43 lines (30 loc) · 4.81 KB

About

This data directory includes the raw and cleaned data for the Surveying Open Data Practices 2020 project. More information is available at the website: https://surveying-open-data-practices.github.io/sopd2020/en/.

Plots may be used in blog posts, papers, and other media. All plots are under CC-BY 4.0 license. Please cite as follows: Data and plot provided by the Surveying Open Data Practices project funded by IDRC (2020) (https://surveying-open-data-practices.github.io/sopd2020/en/).

Data

This data directory includes the raw survey response data and key files for all languages downloaded from the JISC Online survey tool on the 05 March 2021 and the 06 November 2020 respectively.

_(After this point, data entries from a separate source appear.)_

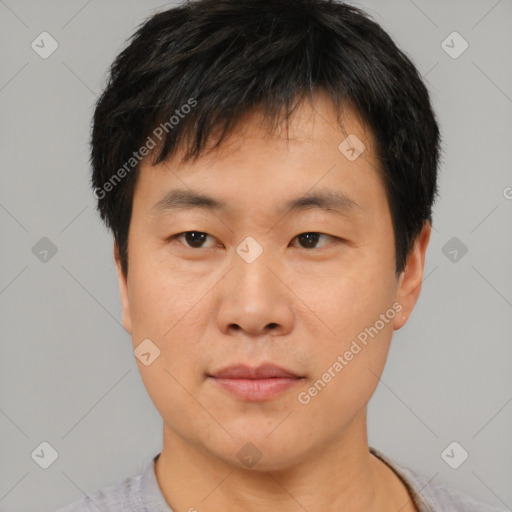 Neutral asian young-adult male with short  brown hair and brown eyes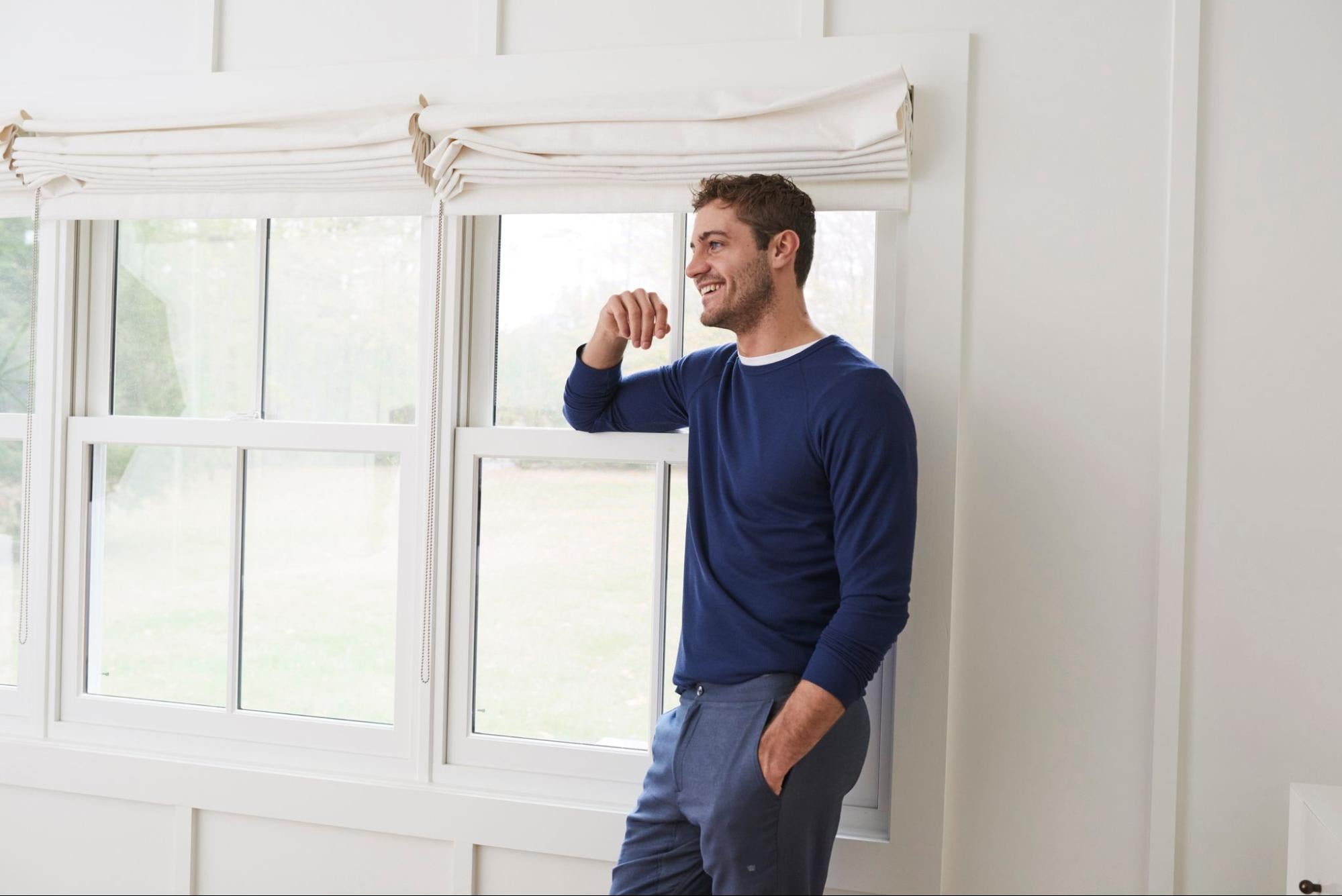 A model weaning a blue sweater and dress pants from Mack Weldon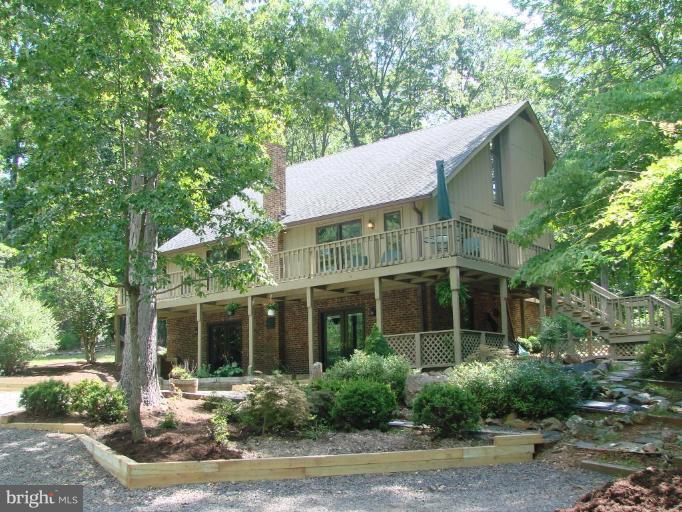 6711 Carters Run Road Marshall, VA 20115 - Photo 1 of 16 a front view of a house with a yard and potted plants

Within the data directory, there is a directory called edit/, which contains the cleaned and edited data files for:

Data cleaning

Results files

The ordering, type and options of some of the survey questions differed between the three languages. Edits were made to the downloaded response csv data files to enable merging into one data file to use for analysis:

  • A column was added for language and populated with the language of the survey (English, French or Portuguese).
  • The French survey was missing option 12 for Question 19. Therefore this question was eliminated from all surveys.
  • The question types for Questions 37, 46 and 59 differed between the three language surveys. These questions were therefore eliminated from all surveys.
  • Questions 53, 54 and 55: in the English survey, the format of the headers differed between these questions and others of the same question type, i.e. Q53_1_a instead of Q53_1_a_1. The headers were edited for consistency.
  • Questions 53, 54 and 55: the format of the results for the English survey differed to all other results, where only 1’s were shown and no 0's. This was dealt with in the Shiny App R code, where NAs were replaced with 0's to enable correct result interpretation for plotting.
  • Questions 2 and 3 had been switched around in the Portuguese survey. This was corrected, and all three language surveys were compared to ensure consistent question numbering.
  • All three language survey files were merged into one for analysis.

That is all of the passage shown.